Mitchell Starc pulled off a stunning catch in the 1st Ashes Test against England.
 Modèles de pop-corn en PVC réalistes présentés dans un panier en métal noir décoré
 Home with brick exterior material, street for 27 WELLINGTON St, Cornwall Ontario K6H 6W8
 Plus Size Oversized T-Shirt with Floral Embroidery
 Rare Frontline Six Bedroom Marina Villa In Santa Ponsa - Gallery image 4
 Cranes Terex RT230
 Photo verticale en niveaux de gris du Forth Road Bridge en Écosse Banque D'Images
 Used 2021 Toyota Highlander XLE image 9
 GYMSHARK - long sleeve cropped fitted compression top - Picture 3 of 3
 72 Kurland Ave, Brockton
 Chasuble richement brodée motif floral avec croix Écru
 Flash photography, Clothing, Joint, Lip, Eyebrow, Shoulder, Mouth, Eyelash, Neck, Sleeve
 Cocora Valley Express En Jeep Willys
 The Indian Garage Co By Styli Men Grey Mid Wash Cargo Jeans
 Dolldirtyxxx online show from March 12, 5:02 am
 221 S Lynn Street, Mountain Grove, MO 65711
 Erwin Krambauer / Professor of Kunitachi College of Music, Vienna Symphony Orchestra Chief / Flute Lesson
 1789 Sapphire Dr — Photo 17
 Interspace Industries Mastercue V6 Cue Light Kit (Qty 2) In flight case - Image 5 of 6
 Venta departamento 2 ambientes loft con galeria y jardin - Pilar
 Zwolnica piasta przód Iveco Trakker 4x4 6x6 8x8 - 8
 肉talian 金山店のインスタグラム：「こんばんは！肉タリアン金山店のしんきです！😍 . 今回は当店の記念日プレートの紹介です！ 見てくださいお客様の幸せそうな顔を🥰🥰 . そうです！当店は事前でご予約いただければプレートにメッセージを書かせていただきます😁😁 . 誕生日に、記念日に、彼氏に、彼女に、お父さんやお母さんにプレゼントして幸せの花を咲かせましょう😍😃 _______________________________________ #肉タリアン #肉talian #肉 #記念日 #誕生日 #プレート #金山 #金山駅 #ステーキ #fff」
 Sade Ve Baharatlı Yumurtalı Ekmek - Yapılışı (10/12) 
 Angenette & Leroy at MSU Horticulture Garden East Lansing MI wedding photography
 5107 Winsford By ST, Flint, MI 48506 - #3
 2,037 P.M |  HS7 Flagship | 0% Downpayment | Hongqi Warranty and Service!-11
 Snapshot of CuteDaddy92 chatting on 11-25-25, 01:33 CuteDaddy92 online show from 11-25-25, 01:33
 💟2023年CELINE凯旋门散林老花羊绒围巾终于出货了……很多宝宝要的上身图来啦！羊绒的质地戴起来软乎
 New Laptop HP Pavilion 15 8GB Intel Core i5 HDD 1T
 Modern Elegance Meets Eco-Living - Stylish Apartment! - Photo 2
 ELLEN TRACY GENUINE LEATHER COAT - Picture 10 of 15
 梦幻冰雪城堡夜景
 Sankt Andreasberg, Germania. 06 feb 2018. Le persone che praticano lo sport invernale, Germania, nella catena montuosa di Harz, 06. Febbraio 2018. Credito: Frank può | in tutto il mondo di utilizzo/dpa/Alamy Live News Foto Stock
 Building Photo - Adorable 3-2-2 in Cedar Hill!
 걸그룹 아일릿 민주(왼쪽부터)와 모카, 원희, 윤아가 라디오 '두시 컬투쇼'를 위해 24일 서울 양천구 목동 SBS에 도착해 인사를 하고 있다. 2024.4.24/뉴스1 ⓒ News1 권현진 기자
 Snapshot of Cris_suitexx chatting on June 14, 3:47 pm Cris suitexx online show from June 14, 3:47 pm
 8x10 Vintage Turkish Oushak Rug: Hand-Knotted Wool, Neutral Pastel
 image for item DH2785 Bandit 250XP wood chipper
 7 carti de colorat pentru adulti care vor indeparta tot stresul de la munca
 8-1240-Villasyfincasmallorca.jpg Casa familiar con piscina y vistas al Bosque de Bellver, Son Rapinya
* * *
• Work request: Output all of the records above unchanged.

• Result below:
Mitchell Starc pulled off a stunning catch in the 1st Ashes Test against England.
 Modèles de pop-corn en PVC réalistes présentés dans un panier en métal noir décoré
 Home with brick exterior material, street for 27 WELLINGTON St, Cornwall Ontario K6H 6W8
 Plus Size Oversized T-Shirt with Floral Embroidery
 Rare Frontline Six Bedroom Marina Villa In Santa Ponsa - Gallery image 4
 Cranes Terex RT230
 Photo verticale en niveaux de gris du Forth Road Bridge en Écosse Banque D'Images
 Used 2021 Toyota Highlander XLE image 9
 GYMSHARK - long sleeve cropped fitted compression top - Picture 3 of 3
 72 Kurland Ave, Brockton
 Chasuble richement brodée motif floral avec croix Écru
 Flash photography, Clothing, Joint, Lip, Eyebrow, Shoulder, Mouth, Eyelash, Neck, Sleeve
 Cocora Valley Express En Jeep Willys
 The Indian Garage Co By Styli Men Grey Mid Wash Cargo Jeans
 Dolldirtyxxx online show from March 12, 5:02 am
 221 S Lynn Street, Mountain Grove, MO 65711
 Erwin Krambauer / Professor of Kunitachi College of Music, Vienna Symphony Orchestra Chief / Flute Lesson
 1789 Sapphire Dr — Photo 17
 Interspace Industries Mastercue V6 Cue Light Kit (Qty 2) In flight case - Image 5 of 6
 Venta departamento 2 ambientes loft con galeria y jardin - Pilar
 Zwolnica piasta przód Iveco Trakker 4x4 6x6 8x8 - 8
 肉talian 金山店のインスタグラム：「こんばんは！肉タリアン金山店のしんきです！😍 . 今回は当店の記念日プレートの紹介です！ 見てくださいお客様の幸せそうな顔を🥰🥰 . そうです！当店は事前でご予約いただければプレートにメッセージを書かせていただきます😁😁 . 誕生日に、記念日に、彼氏に、彼女に、お父さんやお母さんにプレゼントして幸せの花を咲かせましょう😍😃 _______________________________________ #肉タリアン #肉talian #肉 #記念日 #誕生日 #プレート #金山 #金山駅 #ステーキ #fff」
 Sade Ve Baharatlı Yumurtalı Ekmek - Yapılışı (10/12) 
 Angenette & Leroy at MSU Horticulture Garden East Lansing MI wedding photography
 5107 Winsford By ST, Flint, MI 48506 - #3
 2,037 P.M |  HS7 Flagship | 0% Downpayment | Hongqi Warranty and Service!-11
 Snapshot of CuteDaddy92 chatting on 11-25-25, 01:33 CuteDaddy92 online show from 11-25-25, 01:33
 💟2023年CELINE凯旋门散林老花羊绒围巾终于出货了……很多宝宝要的上身图来啦！羊绒的质地戴起来软乎
 New Laptop HP Pavilion 15 8GB Intel Core i5 HDD 1T
 Modern Elegance Meets Eco-Living - Stylish Apartment! - Photo 2
 ELLEN TRACY GENUINE LEATHER COAT - Picture 10 of 15
 梦幻冰雪城堡夜景
 Sankt Andreasberg, Germania. 06 feb 2018. Le persone che praticano lo sport invernale, Germania, nella catena montuosa di Harz, 06. Febbraio 2018. Credito: Frank può | in tutto il mondo di utilizzo/dpa/Alamy Live News Foto Stock
 Building Photo - Adorable 3-2-2 in Cedar Hill!
 걸그룹 아일릿 민주(왼쪽부터)와 모카, 원희, 윤아가 라디오 '두시 컬투쇼'를 위해 24일 서울 양천구 목동 SBS에 도착해 인사를 하고 있다. 2024.4.24/뉴스1 ⓒ News1 권현진 기자
 Snapshot of Cris_suitexx chatting on June 14, 3:47 pm Cris suitexx online show from June 14, 3:47 pm
 8x10 Vintage Turkish Oushak Rug: Hand-Knotted Wool, Neutral Pastel
 image for item DH2785 Bandit 250XP wood chipper
 7 carti de colorat pentru adulti care vor indeparta tot stresul de la munca
 8-1240-Villasyfincasmallorca.jpg Casa familiar con piscina y vistas al Bosque de Bellver, Son Rapinya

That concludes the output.